Two years ago, a Charlotte federal jury convicted Victoria Sprouse of "mortgage fraud," and I had a strong comment on that verdict in this column on Lew Rockwell's page. I have not changed my mind in the interim.
This past Friday, U.S. District Judge Martin Reidinger overturned her conviction and ordered a new trial, basing his decision upon the fact that the prosecution wove a highly-expansive view of "honest services fraud" into all of the charges, even though she was not actually charged with "honest services fraud." (I have this commentary on "honest services fraud" on the LRC page.)
The U.S. Supreme Court recently overturned most of that open-ended federal law and it was abundantly clear from Judge Reidinger's decision that the feds had no case at all without using the part of the statute that was overturned. I have my doubts as to whether or not the feds even can refile charges, and her counsel, Pete Anderson, will be a highly-effective force against anything that the U.S. attorney's office there throws against him.
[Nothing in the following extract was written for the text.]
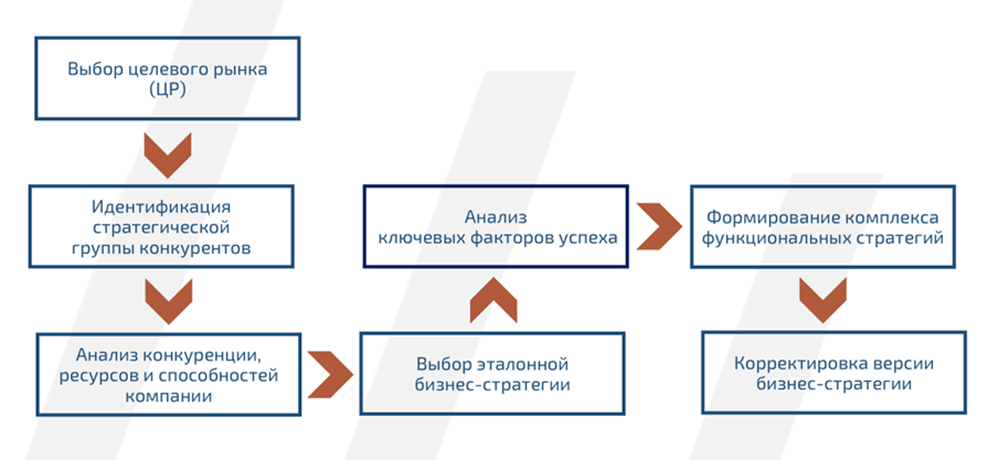 Последовательность разработки бизнес стратегии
Because the former assistant U.S. attorney, Matt Martens, now is the Chief Litigation Counsel of the Division of Enforcement of the Securities and Exchange Commission, he will no longer be leading the new prosecution team in that case. Let us just say that I have nothing good to say about Martens, and his appointment by the Obama administrations speaks volumes about the respect that administration has for the law. However, because Martens is extremely vindictive and unethical, I will not say much about him.
I will note, however, that in the Sprouse trial, he had her property seized so that she could not defend herself. The judge declared Sprouse indigent and then allocated $25,000 for her defense. Pete Anderson, at the time, was her attorney and he agreed to stay on as counsel.
Martens, however, told the court that it would take "4-6 weeks" to present the material to the jury, and Anderson had to back out, and Sprouse's court-appointed counsel turned out to be less-than-enthusiastic in defending her. During the trial, Martens presented his material in about three days.
That is correct; About three days. One can draw his or her own conclusion as to whether or not the government was skillfully able to consolidate its supposedly massive amounts of evidence and narrow its focus, or Martens did not tell the judge the truth about the evidence, especially given that Anderson is well-known as a criminal lawyer and had represented Rick Graves, who was acquitted of charges that Martens brought against him. The reader is left to decide what the truth might be in this situation.
There will be a hearing Tuesday to set the current terms of bond. Sprouse, since the conviction, has been under house arrest.